EXCERPTED RECORDS ::
◆ ◆ ◆ ◆

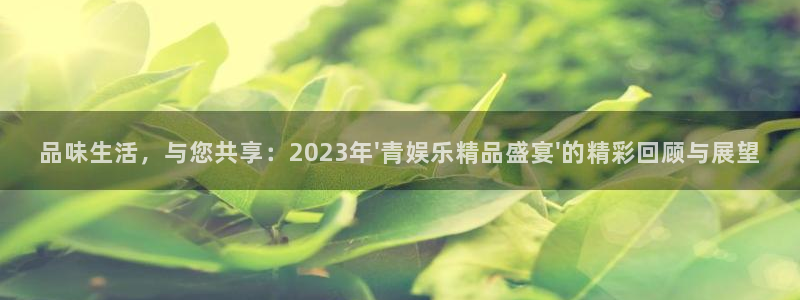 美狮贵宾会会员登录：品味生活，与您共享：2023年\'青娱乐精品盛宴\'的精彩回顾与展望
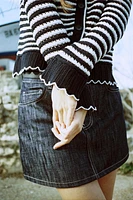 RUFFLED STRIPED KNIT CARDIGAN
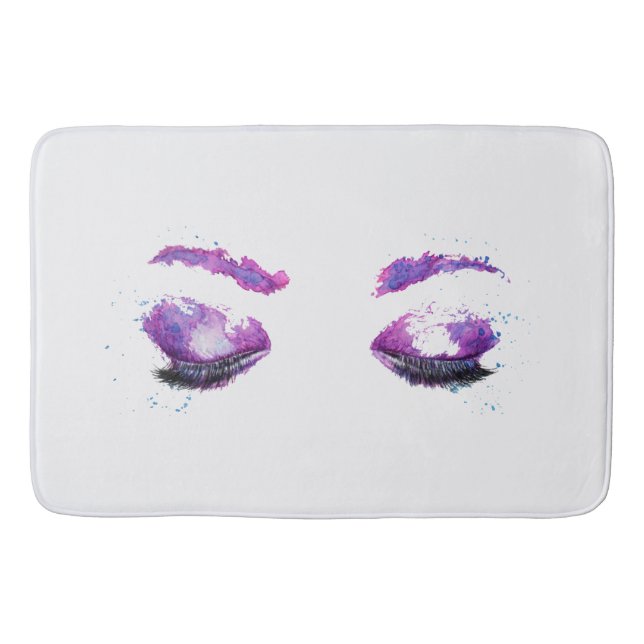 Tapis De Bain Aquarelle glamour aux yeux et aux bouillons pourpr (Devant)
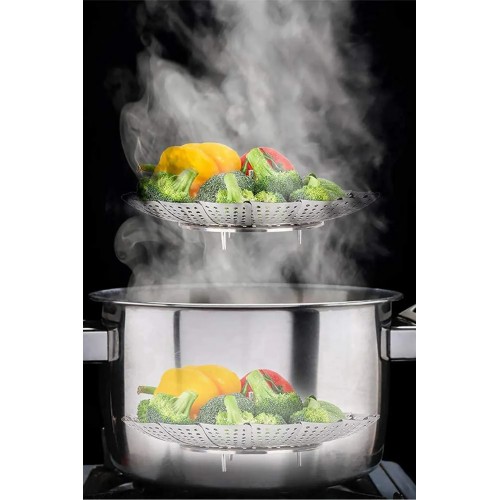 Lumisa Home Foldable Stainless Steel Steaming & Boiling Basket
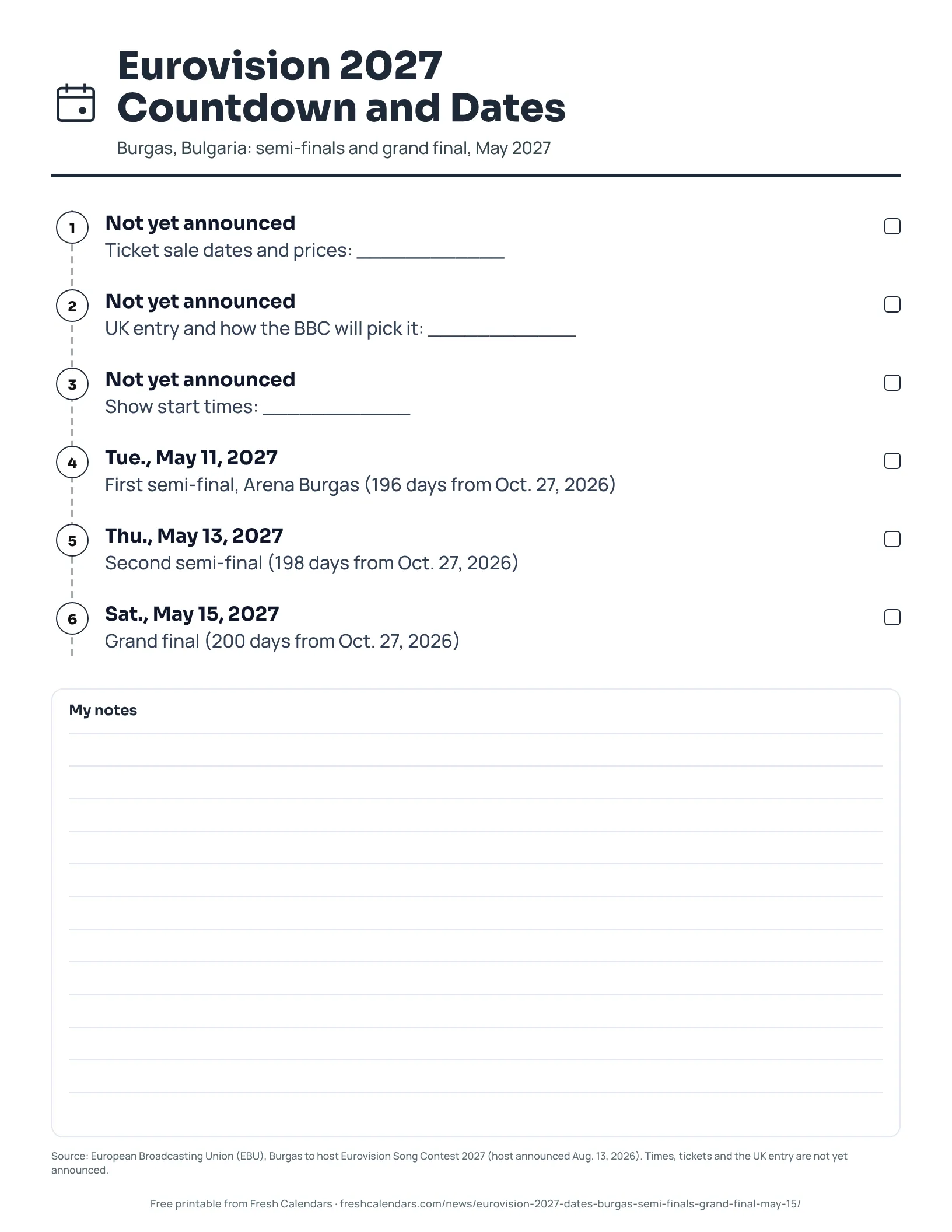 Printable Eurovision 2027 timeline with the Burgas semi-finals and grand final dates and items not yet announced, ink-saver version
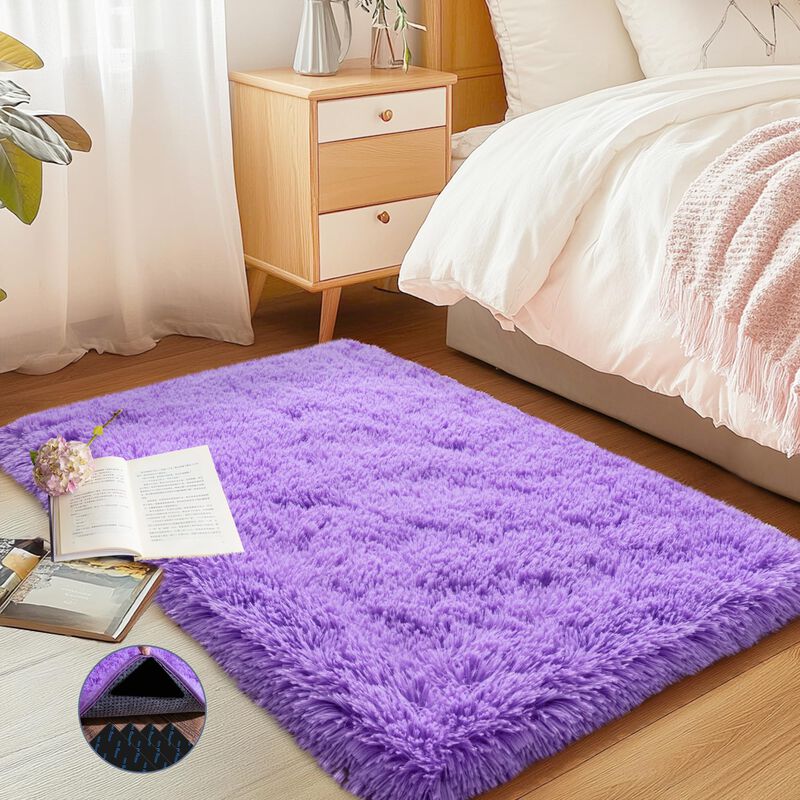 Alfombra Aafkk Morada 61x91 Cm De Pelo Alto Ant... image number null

◆ ◆ ◆ ◆

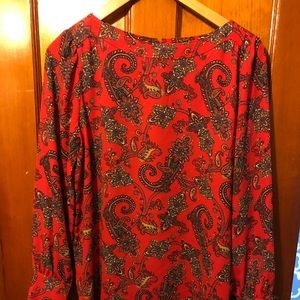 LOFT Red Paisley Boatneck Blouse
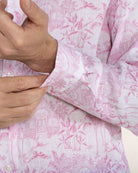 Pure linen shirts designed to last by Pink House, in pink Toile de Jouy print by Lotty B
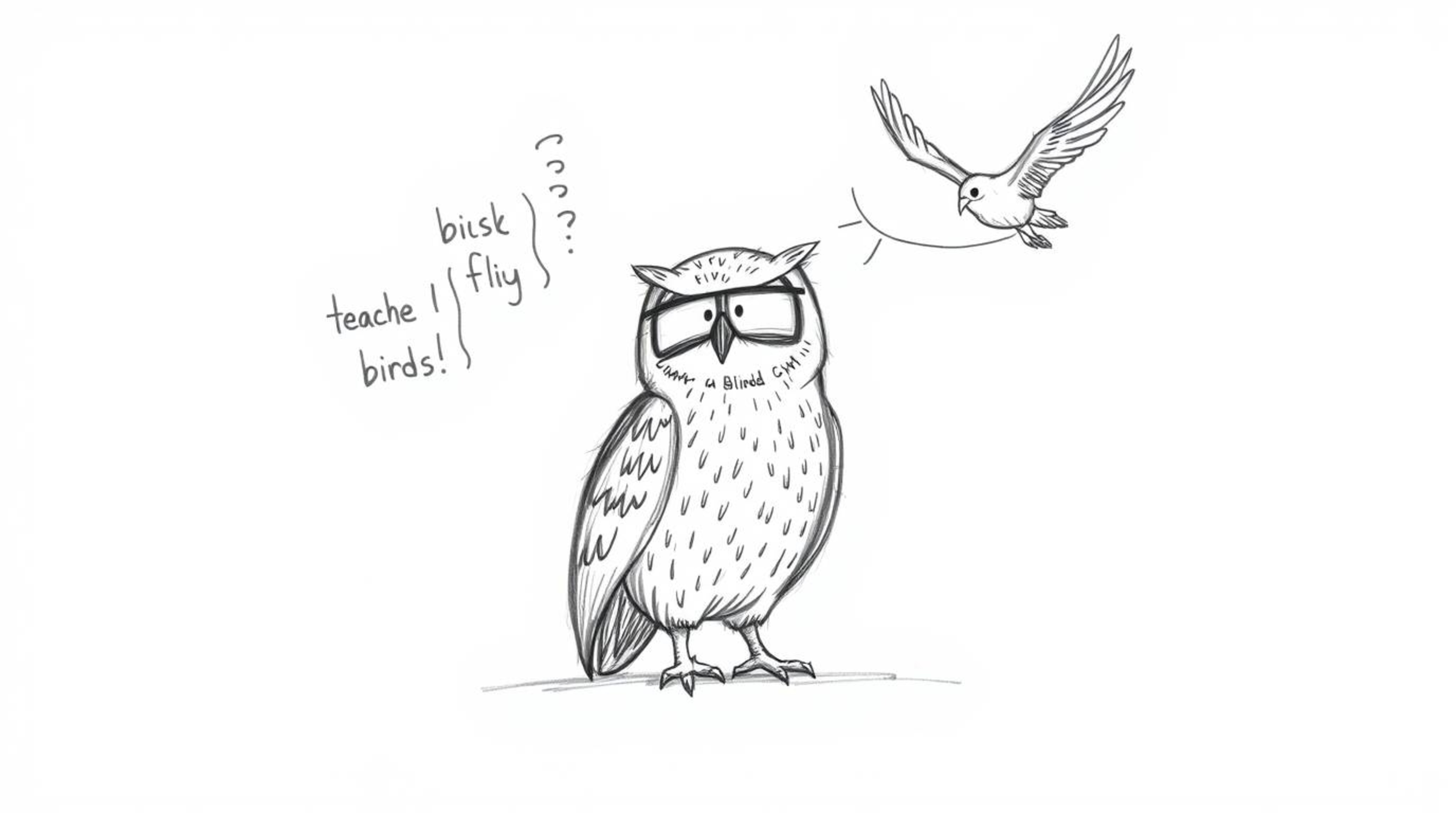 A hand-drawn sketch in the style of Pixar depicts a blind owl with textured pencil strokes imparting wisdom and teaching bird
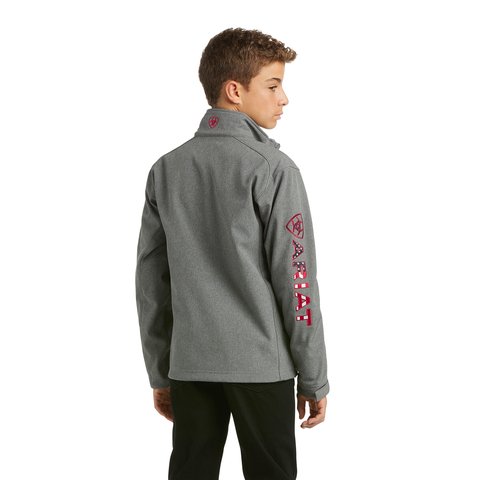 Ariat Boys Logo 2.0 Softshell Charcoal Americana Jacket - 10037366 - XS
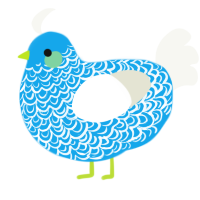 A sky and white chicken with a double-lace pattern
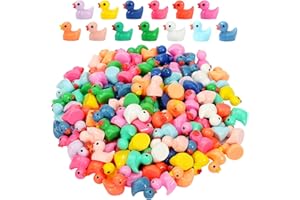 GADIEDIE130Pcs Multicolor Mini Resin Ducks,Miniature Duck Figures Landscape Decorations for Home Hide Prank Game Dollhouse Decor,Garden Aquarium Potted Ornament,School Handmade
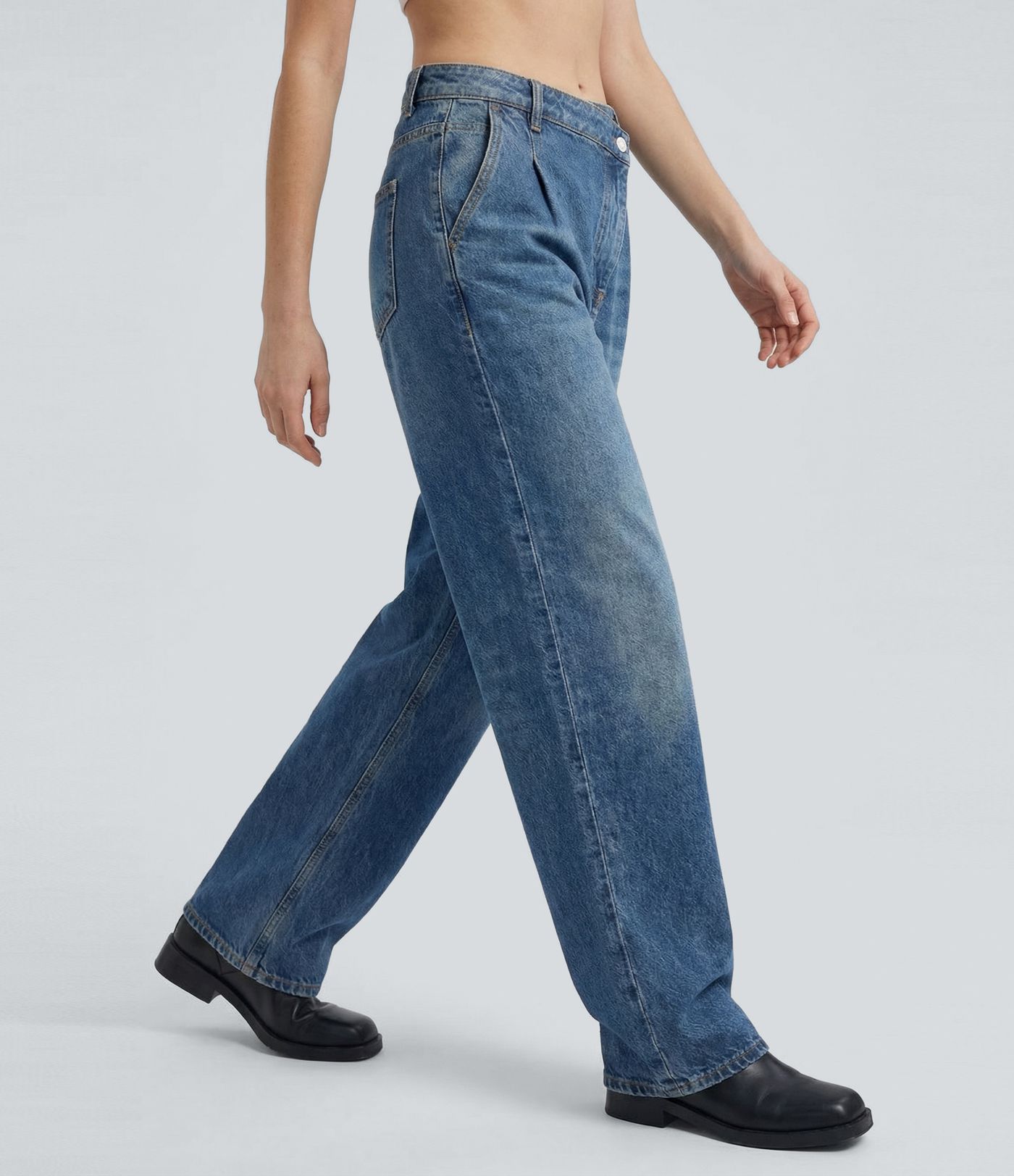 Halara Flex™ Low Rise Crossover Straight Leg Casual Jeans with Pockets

◆ ◆ ◆ ◆

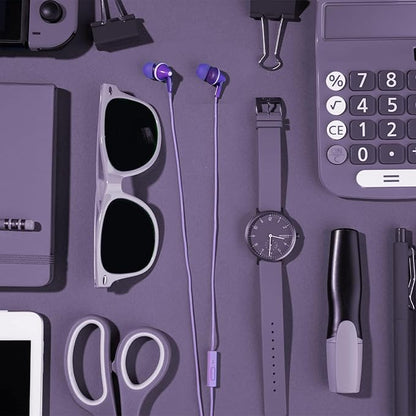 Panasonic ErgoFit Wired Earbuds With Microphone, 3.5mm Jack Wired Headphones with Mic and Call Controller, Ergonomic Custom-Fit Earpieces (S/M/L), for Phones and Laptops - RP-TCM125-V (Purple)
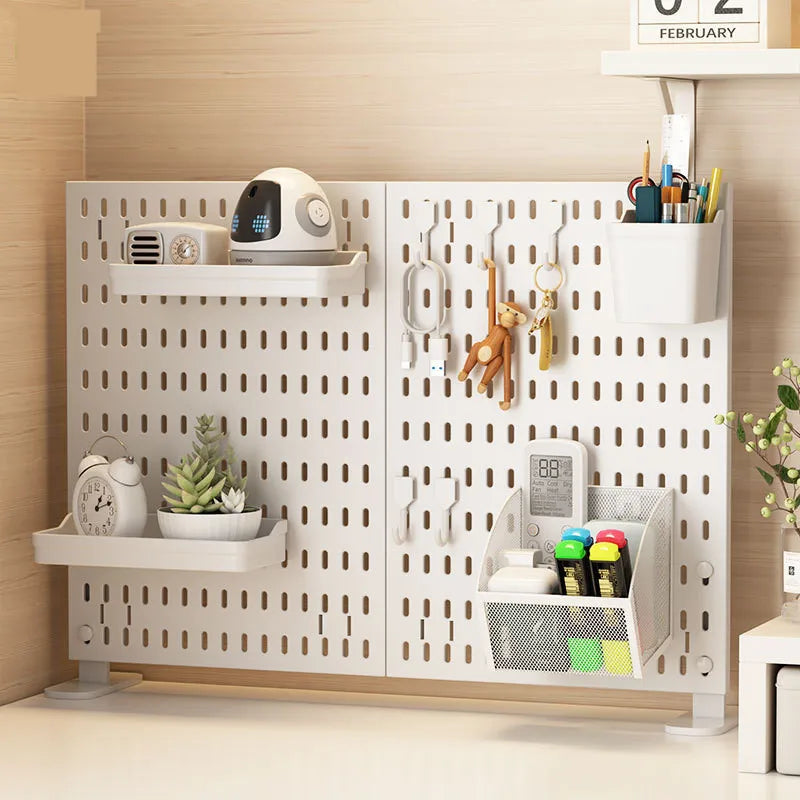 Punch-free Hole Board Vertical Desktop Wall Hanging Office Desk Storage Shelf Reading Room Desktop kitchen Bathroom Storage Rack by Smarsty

◆ ◆ ◆ ◆

YOUR ASSIGNMENT :: Beginning at the line above that contains "美狮贵宾会会员登录：品味生活", repeat each line exactly through the one that contains "Alfombra Aafkk Morada", and leave out the pictures.

EXERCISE SOLUTION ::
 美狮贵宾会会员登录：品味生活，与您共享：2023年\'青娱乐精品盛宴\'的精彩回顾与展望
 RUFFLED STRIPED KNIT CARDIGAN
 Tapis De Bain Aquarelle glamour aux yeux et aux bouillons pourpr (Devant)
 Lumisa Home Foldable Stainless Steel Steaming & Boiling Basket
 Printable Eurovision 2027 timeline with the Burgas semi-finals and grand final dates and items not yet announced, ink-saver version
 Alfombra Aafkk Morada 61x91 Cm De Pelo Alto Ant... image number null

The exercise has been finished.